* Prompt:
Please restate, word for word, the lines below that begin at the one with "On this episode of Food Follies —" and end at the one with "Hi, everyone. Welcome". Leave out all other lines.

[Extracted material]

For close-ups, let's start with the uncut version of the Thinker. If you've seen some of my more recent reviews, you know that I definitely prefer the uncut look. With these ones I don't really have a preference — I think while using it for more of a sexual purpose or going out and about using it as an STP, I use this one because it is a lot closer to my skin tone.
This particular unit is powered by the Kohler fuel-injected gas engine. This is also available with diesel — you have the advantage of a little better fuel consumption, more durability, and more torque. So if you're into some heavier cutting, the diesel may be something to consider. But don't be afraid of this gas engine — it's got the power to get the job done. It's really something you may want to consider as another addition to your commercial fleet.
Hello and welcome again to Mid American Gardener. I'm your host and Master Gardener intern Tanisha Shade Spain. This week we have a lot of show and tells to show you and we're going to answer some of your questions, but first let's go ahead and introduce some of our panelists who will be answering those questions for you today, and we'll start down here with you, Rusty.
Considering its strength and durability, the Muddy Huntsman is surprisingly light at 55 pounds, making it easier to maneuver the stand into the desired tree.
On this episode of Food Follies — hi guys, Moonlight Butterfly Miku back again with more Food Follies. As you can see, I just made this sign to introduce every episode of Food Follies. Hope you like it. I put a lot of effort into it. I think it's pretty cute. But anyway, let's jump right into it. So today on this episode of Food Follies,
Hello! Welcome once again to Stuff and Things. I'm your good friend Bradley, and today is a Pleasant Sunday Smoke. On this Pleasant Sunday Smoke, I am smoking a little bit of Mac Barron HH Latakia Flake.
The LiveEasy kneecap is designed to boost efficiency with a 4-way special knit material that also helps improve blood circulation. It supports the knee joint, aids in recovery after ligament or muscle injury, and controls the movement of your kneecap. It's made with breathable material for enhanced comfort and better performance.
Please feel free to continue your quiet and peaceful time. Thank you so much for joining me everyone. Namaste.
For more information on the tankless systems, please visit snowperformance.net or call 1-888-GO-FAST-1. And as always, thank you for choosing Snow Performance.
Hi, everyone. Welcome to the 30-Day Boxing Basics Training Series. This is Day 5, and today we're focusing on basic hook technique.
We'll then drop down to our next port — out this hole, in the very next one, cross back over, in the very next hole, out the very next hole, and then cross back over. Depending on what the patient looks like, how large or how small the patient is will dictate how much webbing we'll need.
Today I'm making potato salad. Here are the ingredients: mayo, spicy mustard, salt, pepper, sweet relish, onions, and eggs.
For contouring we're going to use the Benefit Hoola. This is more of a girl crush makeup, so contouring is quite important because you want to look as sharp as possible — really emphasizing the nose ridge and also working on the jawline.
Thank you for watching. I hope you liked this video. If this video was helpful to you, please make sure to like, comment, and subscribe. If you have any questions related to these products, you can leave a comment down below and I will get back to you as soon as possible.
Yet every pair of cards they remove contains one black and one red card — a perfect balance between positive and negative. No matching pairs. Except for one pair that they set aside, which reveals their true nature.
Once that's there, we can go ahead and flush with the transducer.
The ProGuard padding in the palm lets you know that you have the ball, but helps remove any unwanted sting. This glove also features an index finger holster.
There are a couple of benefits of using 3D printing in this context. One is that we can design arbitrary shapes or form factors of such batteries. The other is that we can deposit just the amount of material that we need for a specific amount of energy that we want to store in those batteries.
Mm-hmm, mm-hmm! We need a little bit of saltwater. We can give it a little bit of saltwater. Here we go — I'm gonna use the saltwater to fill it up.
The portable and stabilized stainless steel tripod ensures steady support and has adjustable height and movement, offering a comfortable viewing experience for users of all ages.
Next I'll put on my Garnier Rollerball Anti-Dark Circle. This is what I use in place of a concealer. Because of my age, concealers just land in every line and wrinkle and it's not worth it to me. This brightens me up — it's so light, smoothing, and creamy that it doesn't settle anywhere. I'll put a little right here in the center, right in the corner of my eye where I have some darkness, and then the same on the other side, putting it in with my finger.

[/Extracted material]

* Finished task:
On this episode of Food Follies — hi guys, Moonlight Butterfly Miku back again with more Food Follies. As you can see, I just made this sign to introduce every episode of Food Follies. Hope you like it. I put a lot of effort into it. I think it's pretty cute. But anyway, let's jump right into it. So today on this episode of Food Follies,
Hello! Welcome once again to Stuff and Things. I'm your good friend Bradley, and today is a Pleasant Sunday Smoke. On this Pleasant Sunday Smoke, I am smoking a little bit of Mac Barron HH Latakia Flake.
The LiveEasy kneecap is designed to boost efficiency with a 4-way special knit material that also helps improve blood circulation. It supports the knee joint, aids in recovery after ligament or muscle injury, and controls the movement of your kneecap. It's made with breathable material for enhanced comfort and better performance.
Please feel free to continue your quiet and peaceful time. Thank you so much for joining me everyone. Namaste.
For more information on the tankless systems, please visit snowperformance.net or call 1-888-GO-FAST-1. And as always, thank you for choosing Snow Performance.
Hi, everyone. Welcome to the 30-Day Boxing Basics Training Series. This is Day 5, and today we're focusing on basic hook technique.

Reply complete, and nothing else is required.